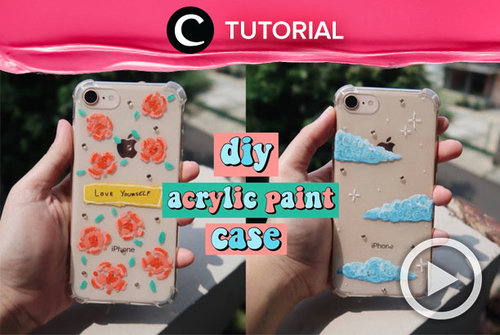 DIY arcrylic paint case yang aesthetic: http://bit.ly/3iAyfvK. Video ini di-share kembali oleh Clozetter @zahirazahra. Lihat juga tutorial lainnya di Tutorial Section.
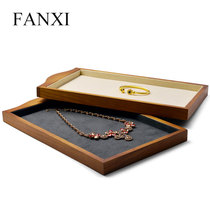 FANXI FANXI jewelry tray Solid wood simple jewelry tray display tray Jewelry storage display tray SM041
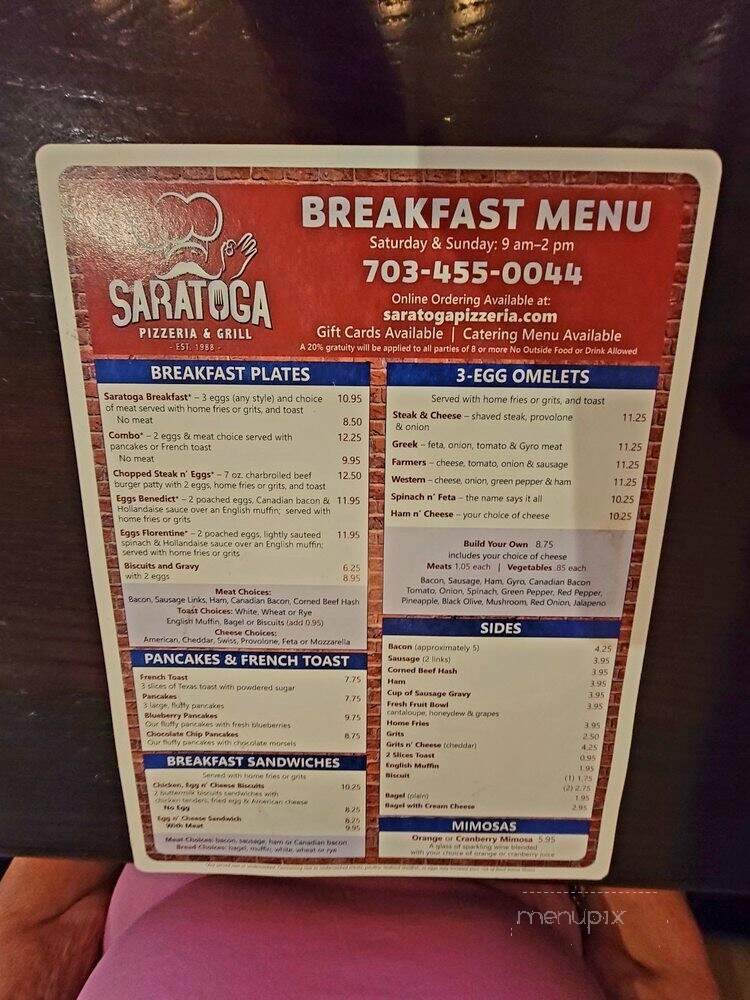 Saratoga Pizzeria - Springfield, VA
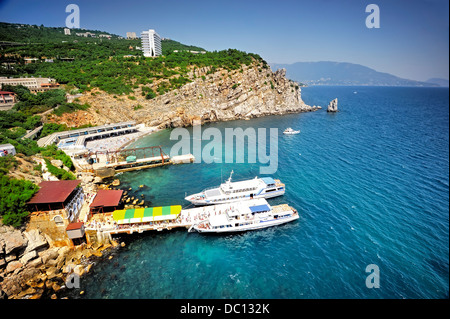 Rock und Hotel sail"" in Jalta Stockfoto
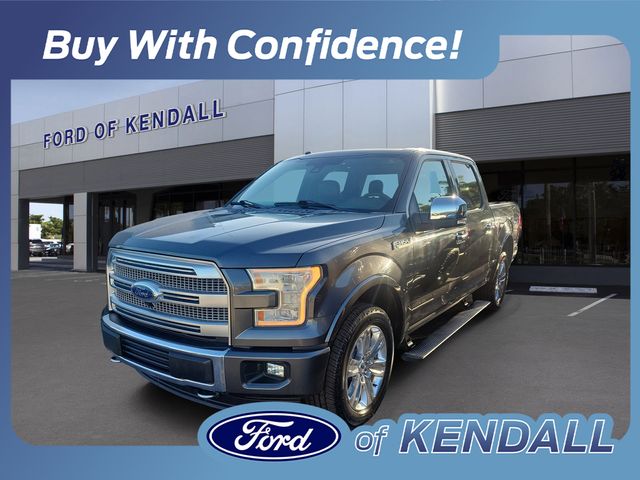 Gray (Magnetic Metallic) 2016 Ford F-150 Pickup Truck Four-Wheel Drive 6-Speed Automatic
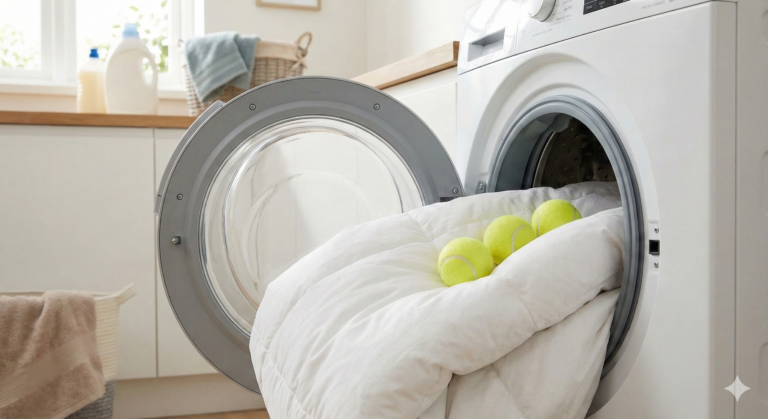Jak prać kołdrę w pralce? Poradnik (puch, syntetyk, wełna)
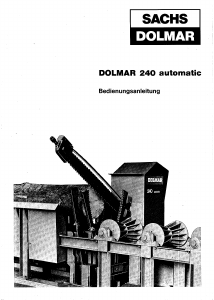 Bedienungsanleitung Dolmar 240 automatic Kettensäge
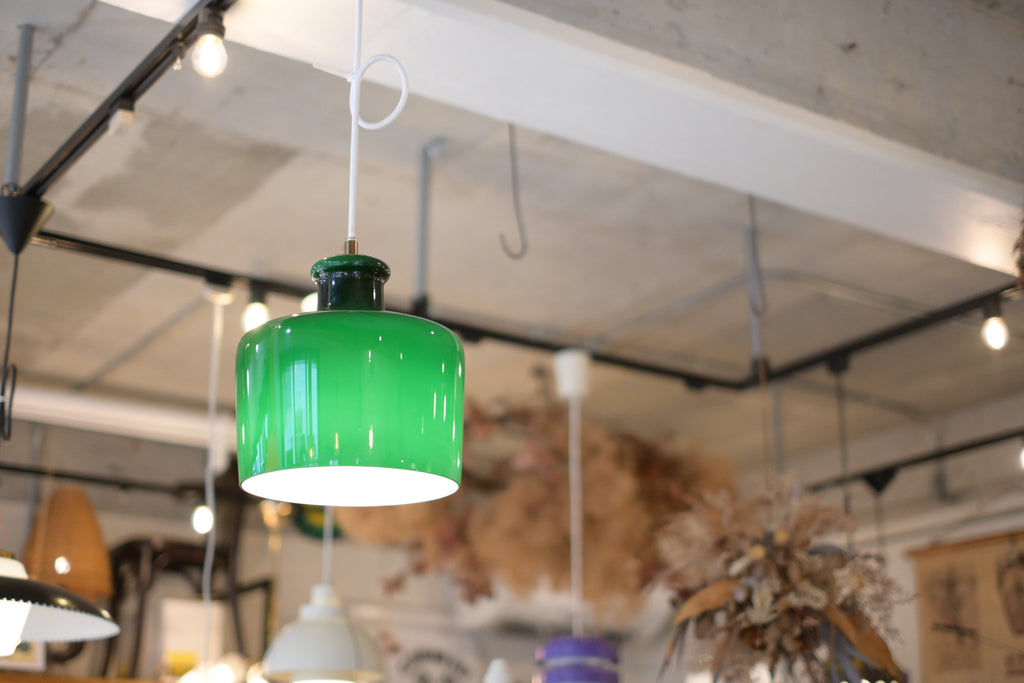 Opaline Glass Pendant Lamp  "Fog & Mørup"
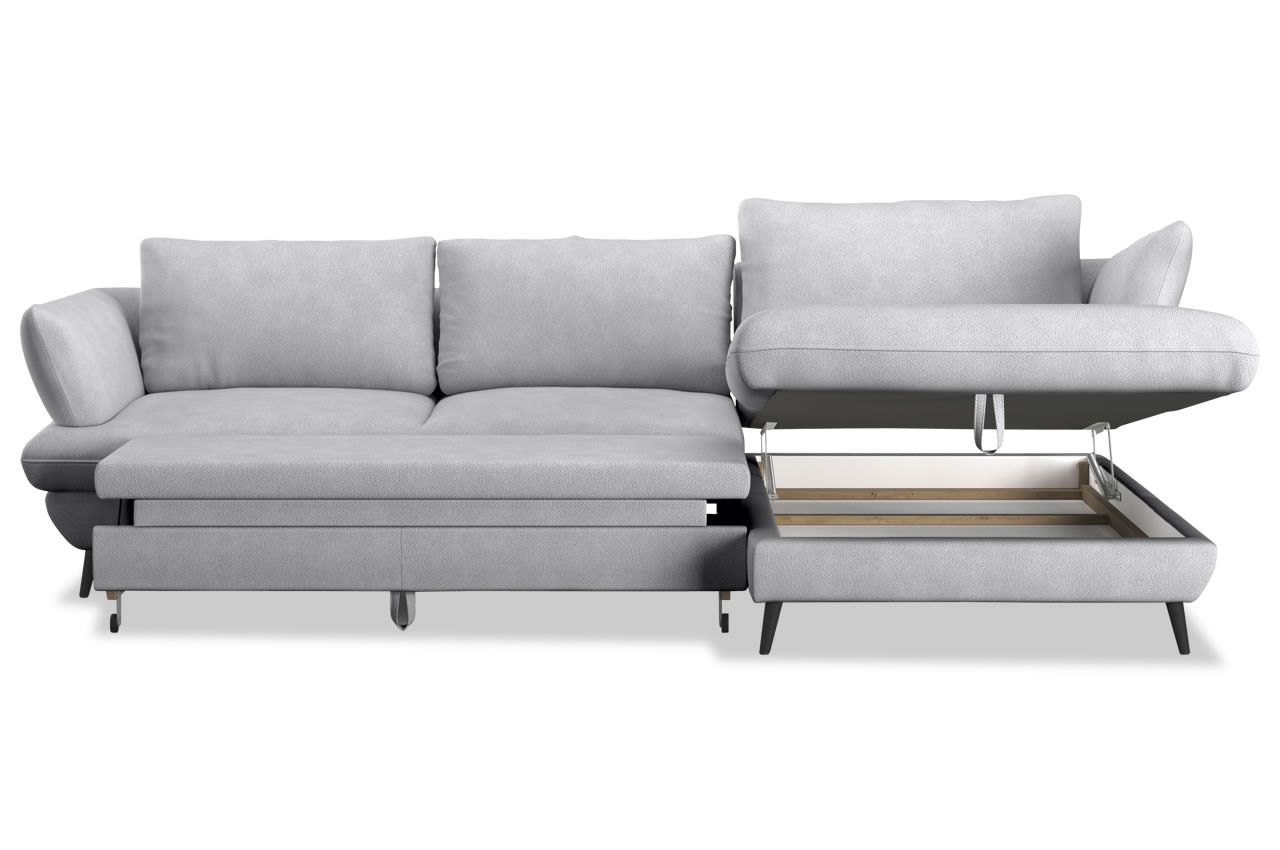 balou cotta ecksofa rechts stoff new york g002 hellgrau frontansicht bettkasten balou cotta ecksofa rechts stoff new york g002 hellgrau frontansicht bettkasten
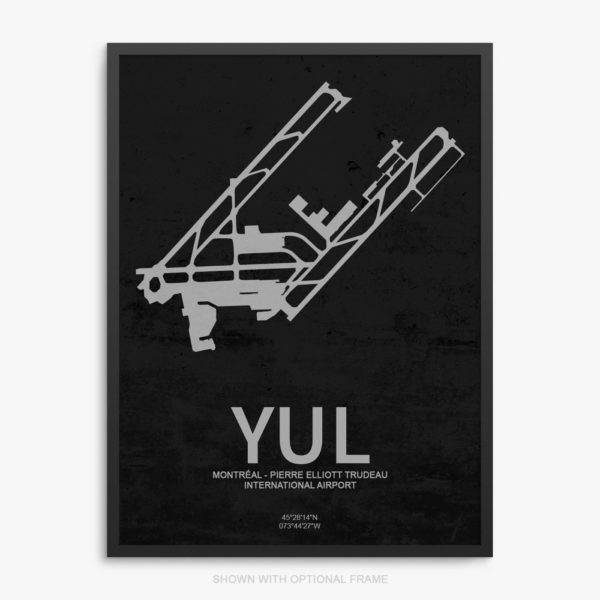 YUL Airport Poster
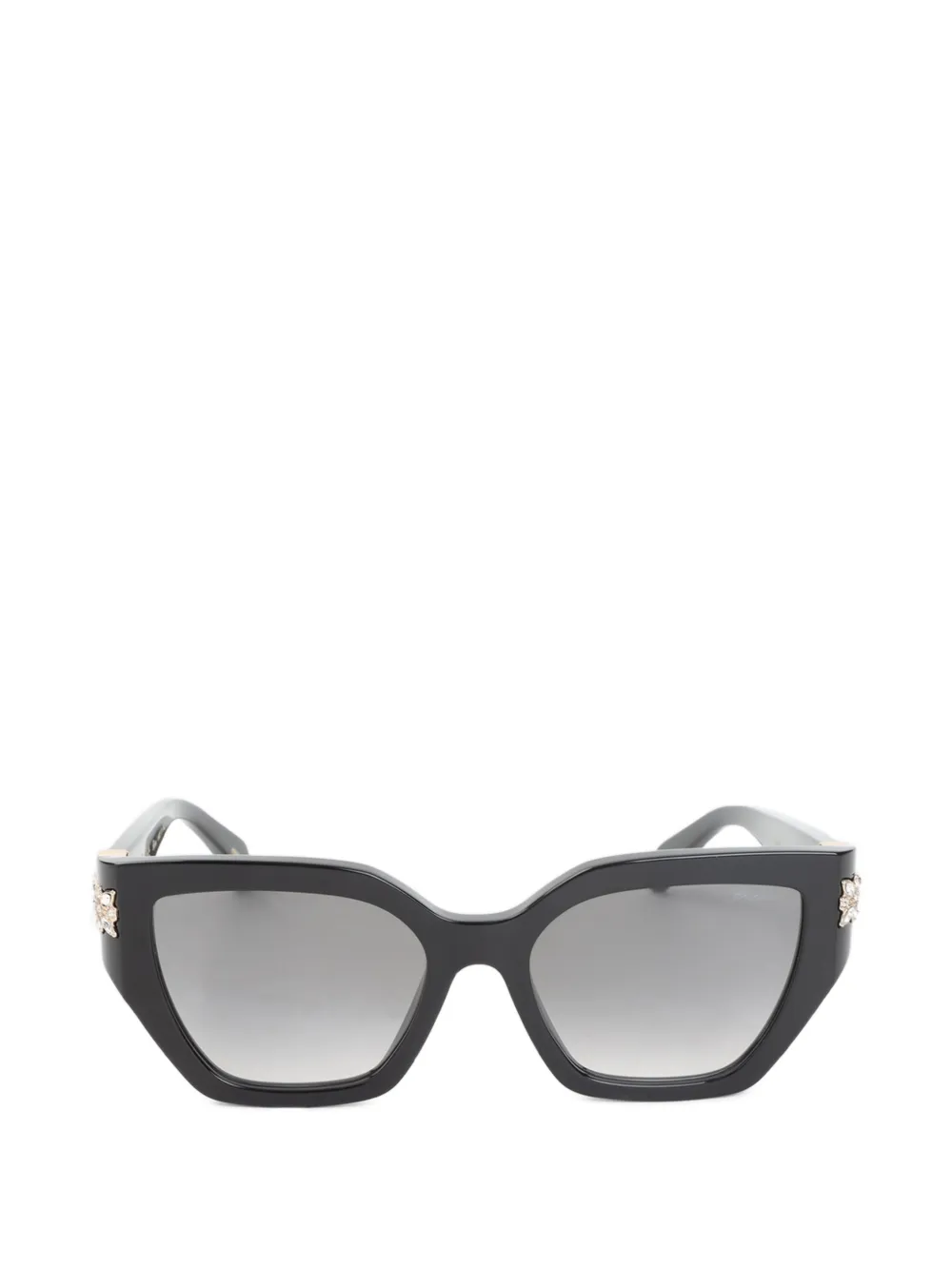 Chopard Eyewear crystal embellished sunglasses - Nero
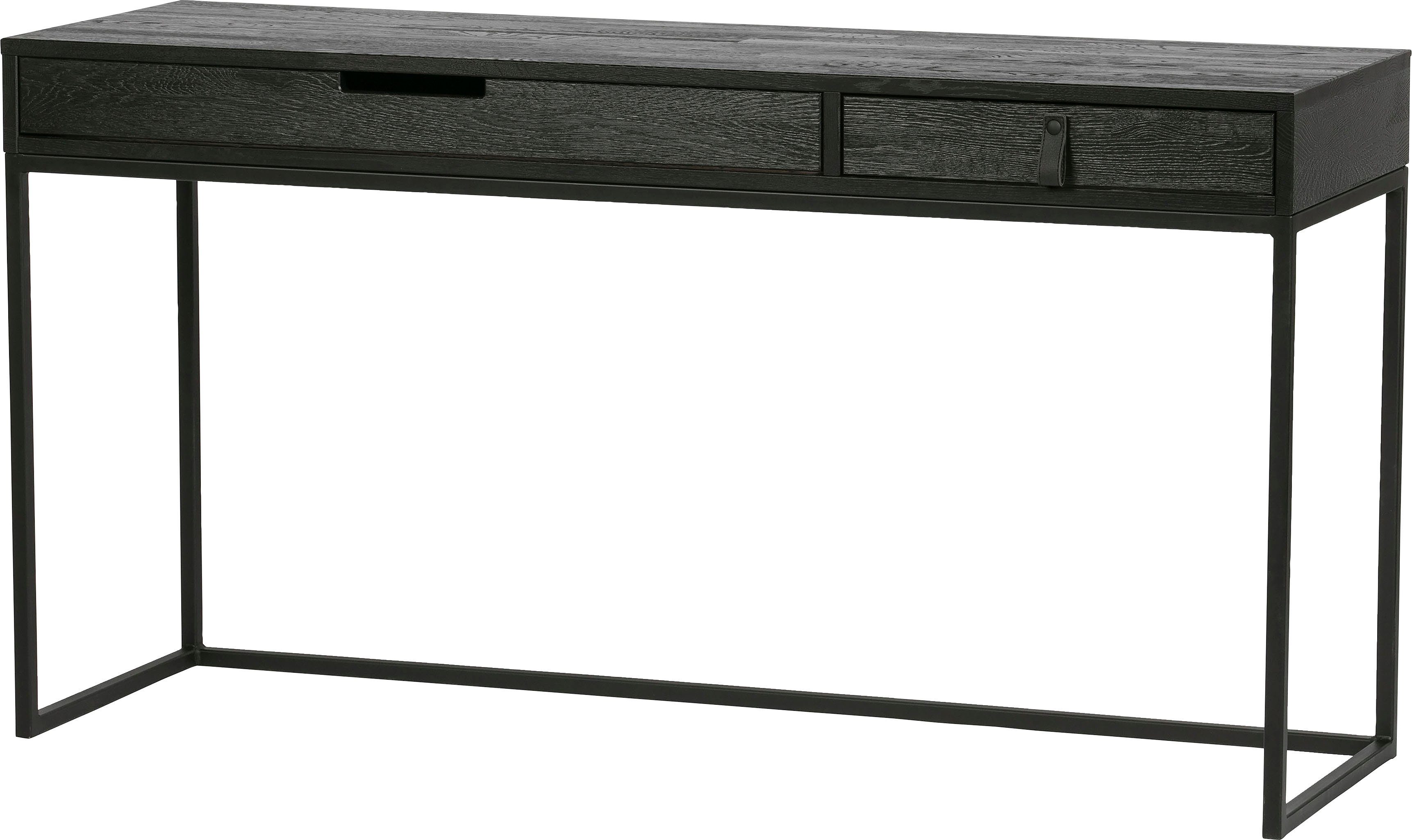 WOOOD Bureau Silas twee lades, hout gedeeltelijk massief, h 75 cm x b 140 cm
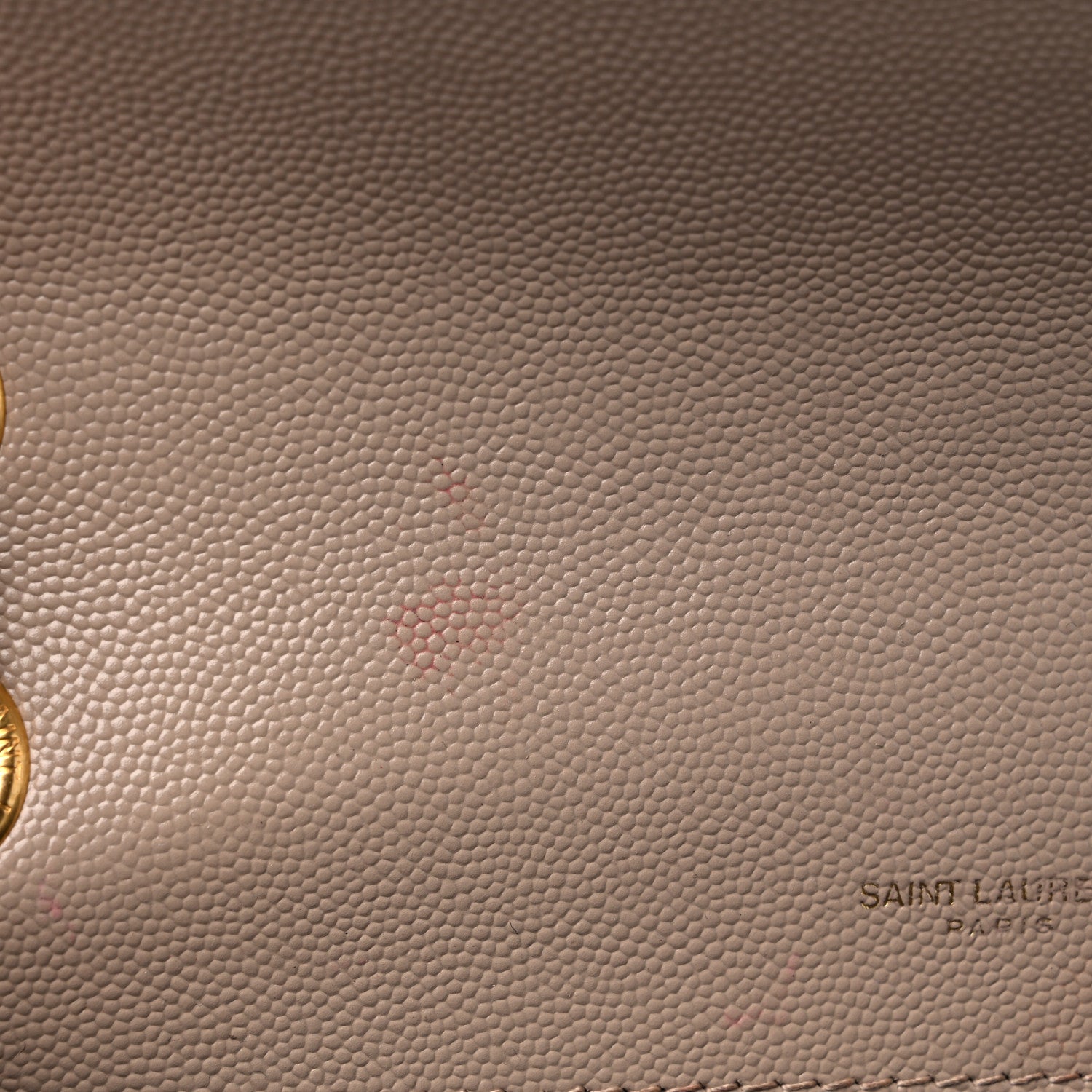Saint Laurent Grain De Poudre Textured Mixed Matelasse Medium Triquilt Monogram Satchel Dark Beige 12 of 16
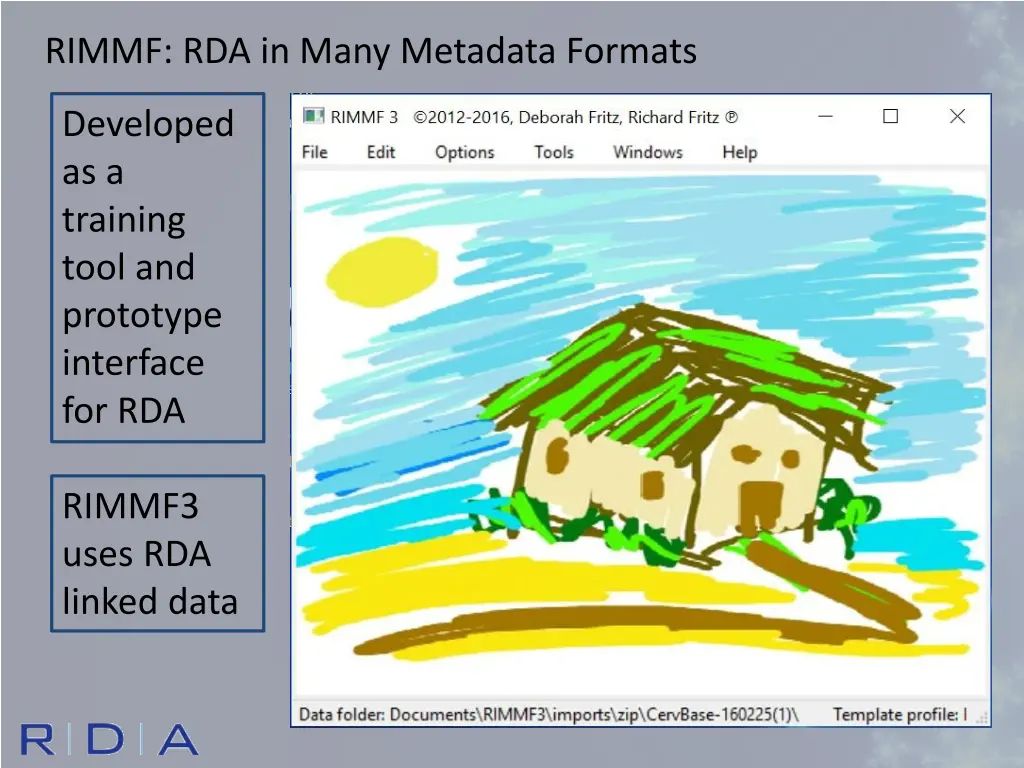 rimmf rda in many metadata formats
- - - - - - -
Exercise brief. Reproduce only the lines from the line with "Saint Laurent Grain" to the end of the entries. Keep both ends, copy them exactly, and omit every picture.

Exercise solution.
Saint Laurent Grain De Poudre Textured Mixed Matelasse Medium Triquilt Monogram Satchel Dark Beige 12 of 16
 rimmf rda in many metadata formats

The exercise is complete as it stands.